Archive for 2015

Japan Trip Day 13

Our last day in Yonezewa we squeezed in some fun things. Mari and Toshiyuki wanted to take us to a natural hot spring bathhouse “Onsen.” The two big guys weren’t keen on the idea of naked bathing together, even if it is separated by gender, so we split up into two groups.

Toshiyuki took the big guys out on the town. They got to visit a shrine and try out the foot onsen…


A little shopping…
And warm up with some tea…
The rest of us went for the hot bath…
Typically photos are not permitted inside the onsen but it was empty so I snuck a few. It is super hot! I had a hard time adjusting and Lotus ended up playing with a shower head and a hose next to the bath instead of getting in.

The water is nice and it was relaxing. Simon was like a new person afterward! So chill.
Feeling refreshed!
Time to head out on the bullet train again. This cow is at the train station…like I said, the town is known for its prized beef.
Life is pretty chill on the train. It is such a smooth ride…
We made it to our final apartment in Tokyo and it was a real treat! Three bedrooms and a big living room and kitchen, all on the ground floor. I didn’t have to worry about the kids stomping or jumping too loudly.

Card game…

Japan Trip Wakamatsu City Castle

Tsuruga Castle was built in 1384.

A mini castle in front of the real castle…
There were many floors of museum pieces, maps and history and then a view of the city and grounds at the top.
The kids are comparing themselves to the average height of the samurais living in the castle in its day.
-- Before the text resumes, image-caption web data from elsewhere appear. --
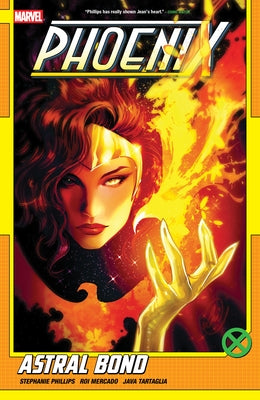Marvel Universe Phoenix Vol. 3: Astral Bond paperback comic book featuring Phoenix character on the cover.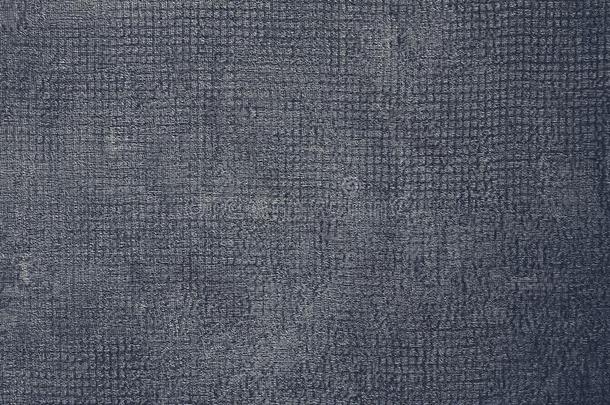 质地织物粗麻布蓝色颜色.自然的纺织品生锈的表面
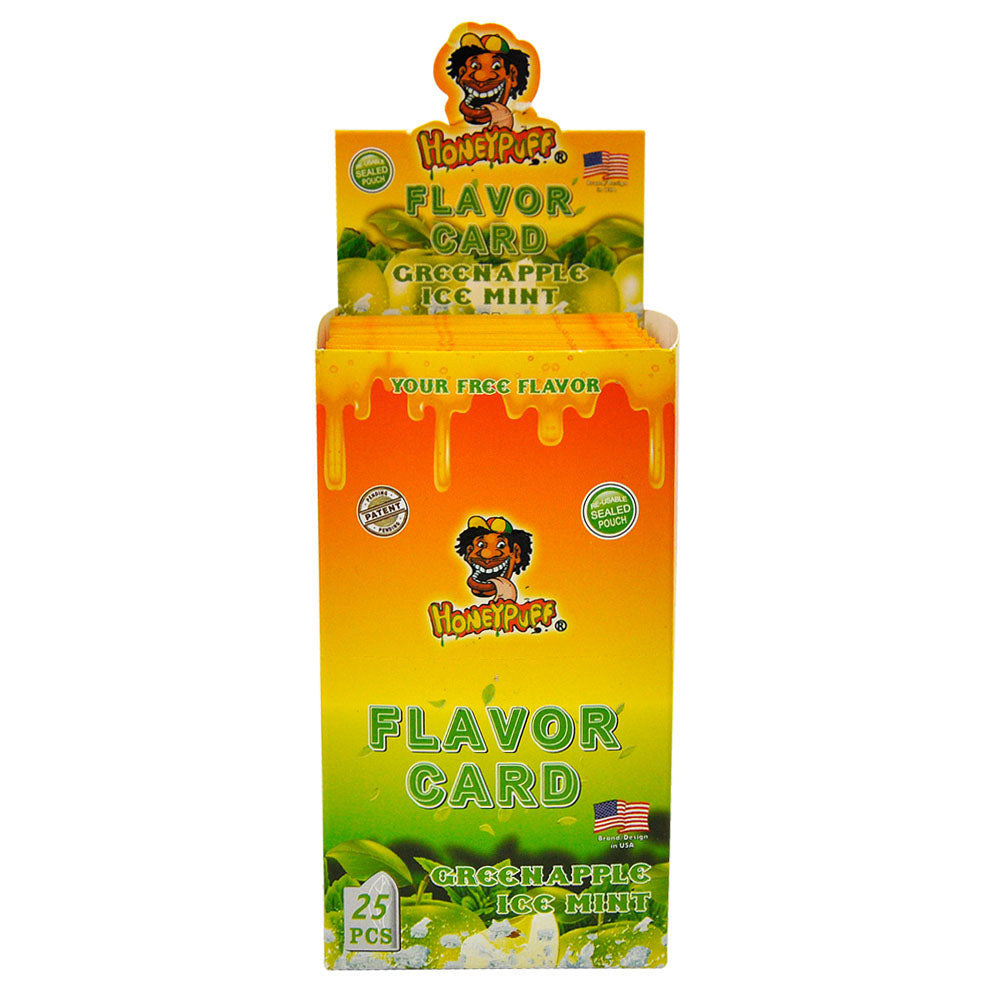 HONEYPUFF Green Apple Ice Mint Flavour Cards, King Size Cigarette Insert Infusion, Natural Flavour Card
Not much taller than them…
Vending machine madness. It was nice to have Mari to translate what the beverages were…
Xander wanted to try the yogurt soda but pushed the button for the yogurt water by mistake. We got to try both!
Another sushi train restaurant for dinner…

Japan Trip Days 11 and 12

Moving day!

We packed up and moved from our first apartment in Tokyo to stay with some friends in Yonezawa, Yamagata for the weekend.

Check out time was at 11am and our friends weren’t going to be home from work until after 5pm so we had some time to kill. We ate a slow brunch at Denny’s. Check out the kids menu and Pikachu pancakes!
The weather called for strong winds and they weren’t kidding! Capturing it in a photo isn’t so easy. ha!
Time to head out of the city with our first experience riding the bullet train, known as Shinkansen. Tickets are very expensive but prior to our trip I bought a 5 day flex pass for the Japanese Rail for each of us. Lotus rides free. The JR pass is a discounted pass for foreigners only and worked out great! We were able to use it for our trip to Yonezawa, our return trip, our later trip to see the snow monkey park and our final trip on the airport express train to go home. If I had planned a little tighter we could have used it a 5th day to see Mt. Fuji.
Mari and her son Hikaru stayed at our house three years ago through the travel website: We were excited to see them again in their home. After Jason and I is her husband Toshiyuki, then Mari and then Toshiyuki’s brother. His brother’s daughter also came for dinner. We had yakiniku, which is the grilling of meats and veg on the grill in the middle of the table…and getting our drink on.
The kids table. The blanket under the table topper is thick and heated. The kids are cozy tucking in for breakfast in the morning.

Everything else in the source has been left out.